“Ustedes, los ecuatorianos, tienen un gran problema: su narcisismo”. Coincido con el diagnóstico de mi estimada colega extranjera acerca de nosotros, “el pueblo más amable y hospitalario del mundo”. El narcisismo remite a un momento infantil del desarrollo de todos los seres hablantes, en el que se constituye nuestro yo por identificación con la imagen del espejo. De ese momento fundante, todos conservamos un resto de narcisismo que normalmente se expresa –entre otras manifestaciones– por la demanda de amor y reconocimiento que nuestro yo dirige a los demás.
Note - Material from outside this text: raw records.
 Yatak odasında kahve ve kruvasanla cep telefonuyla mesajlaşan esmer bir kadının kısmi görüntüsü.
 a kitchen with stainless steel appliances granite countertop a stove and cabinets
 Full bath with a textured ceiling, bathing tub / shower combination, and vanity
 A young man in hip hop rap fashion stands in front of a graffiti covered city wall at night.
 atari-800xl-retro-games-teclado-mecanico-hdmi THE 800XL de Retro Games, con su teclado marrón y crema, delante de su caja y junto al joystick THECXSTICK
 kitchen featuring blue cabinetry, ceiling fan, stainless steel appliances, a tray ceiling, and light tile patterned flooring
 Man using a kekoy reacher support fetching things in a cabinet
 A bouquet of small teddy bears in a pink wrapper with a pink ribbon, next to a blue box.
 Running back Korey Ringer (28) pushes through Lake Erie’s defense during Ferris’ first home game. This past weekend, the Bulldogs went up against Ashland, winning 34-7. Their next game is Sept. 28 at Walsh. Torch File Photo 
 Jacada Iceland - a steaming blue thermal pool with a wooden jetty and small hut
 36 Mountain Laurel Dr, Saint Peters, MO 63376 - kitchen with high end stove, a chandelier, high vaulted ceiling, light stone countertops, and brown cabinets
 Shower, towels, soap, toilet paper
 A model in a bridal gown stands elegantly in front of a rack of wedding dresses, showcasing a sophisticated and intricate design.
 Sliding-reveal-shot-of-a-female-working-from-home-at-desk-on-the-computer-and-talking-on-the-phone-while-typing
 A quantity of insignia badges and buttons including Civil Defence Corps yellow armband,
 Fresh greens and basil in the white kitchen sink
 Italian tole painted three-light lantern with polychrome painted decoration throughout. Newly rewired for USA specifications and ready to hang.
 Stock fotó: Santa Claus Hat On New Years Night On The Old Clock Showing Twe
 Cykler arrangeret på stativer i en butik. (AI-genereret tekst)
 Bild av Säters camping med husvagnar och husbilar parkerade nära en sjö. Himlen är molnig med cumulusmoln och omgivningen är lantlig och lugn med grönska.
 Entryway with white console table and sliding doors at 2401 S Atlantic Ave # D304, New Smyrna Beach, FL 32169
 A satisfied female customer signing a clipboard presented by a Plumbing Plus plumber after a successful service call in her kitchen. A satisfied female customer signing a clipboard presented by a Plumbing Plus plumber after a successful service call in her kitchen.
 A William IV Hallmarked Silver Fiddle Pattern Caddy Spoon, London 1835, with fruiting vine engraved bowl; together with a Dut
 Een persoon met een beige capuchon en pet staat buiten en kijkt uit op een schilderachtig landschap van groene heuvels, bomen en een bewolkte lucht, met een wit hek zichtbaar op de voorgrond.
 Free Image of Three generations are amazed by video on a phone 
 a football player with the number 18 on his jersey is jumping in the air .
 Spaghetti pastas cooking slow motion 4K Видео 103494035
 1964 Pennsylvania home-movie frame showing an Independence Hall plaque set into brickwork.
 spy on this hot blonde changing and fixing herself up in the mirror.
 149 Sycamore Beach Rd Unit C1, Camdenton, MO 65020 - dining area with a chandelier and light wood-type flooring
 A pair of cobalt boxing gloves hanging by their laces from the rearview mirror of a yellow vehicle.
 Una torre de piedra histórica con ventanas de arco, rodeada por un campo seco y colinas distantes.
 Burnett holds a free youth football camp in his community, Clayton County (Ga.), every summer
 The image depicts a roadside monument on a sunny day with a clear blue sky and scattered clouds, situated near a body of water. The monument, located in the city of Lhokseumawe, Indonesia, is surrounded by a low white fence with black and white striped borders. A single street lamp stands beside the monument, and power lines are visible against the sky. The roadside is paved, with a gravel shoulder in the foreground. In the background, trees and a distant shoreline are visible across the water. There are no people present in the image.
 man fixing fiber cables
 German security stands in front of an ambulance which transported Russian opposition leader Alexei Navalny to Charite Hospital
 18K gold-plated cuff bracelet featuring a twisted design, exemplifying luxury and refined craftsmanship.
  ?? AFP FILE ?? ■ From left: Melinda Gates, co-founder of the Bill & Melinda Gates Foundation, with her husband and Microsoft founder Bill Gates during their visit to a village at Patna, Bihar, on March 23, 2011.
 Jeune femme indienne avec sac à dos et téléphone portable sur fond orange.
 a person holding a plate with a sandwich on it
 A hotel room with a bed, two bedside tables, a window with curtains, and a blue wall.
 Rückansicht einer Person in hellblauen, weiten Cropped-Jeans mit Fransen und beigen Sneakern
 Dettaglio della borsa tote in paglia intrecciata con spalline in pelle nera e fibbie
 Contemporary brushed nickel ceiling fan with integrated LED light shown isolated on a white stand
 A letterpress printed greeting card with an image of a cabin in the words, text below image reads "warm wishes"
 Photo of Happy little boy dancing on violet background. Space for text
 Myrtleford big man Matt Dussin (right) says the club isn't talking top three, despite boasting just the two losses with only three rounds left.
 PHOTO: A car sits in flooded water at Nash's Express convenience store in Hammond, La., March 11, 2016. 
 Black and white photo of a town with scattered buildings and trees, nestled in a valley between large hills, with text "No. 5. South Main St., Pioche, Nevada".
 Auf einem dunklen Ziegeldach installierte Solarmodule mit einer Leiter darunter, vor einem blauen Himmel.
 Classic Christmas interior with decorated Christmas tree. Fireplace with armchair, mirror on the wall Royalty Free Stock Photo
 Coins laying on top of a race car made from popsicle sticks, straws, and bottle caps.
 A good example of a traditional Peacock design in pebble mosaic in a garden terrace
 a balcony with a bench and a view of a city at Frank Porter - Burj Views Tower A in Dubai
A veces, el narcisismo residual genera conflictos en las relaciones del sujeto con sus semejantes, o se convierte en un problema clínico que demanda atención profesional, como en las psicosis. O se manifiesta como una peculiaridad que caracteriza a una sociedad: el narcisismo de los ecuatorianos, el que demanda tributo “por nuestra bonita cara”.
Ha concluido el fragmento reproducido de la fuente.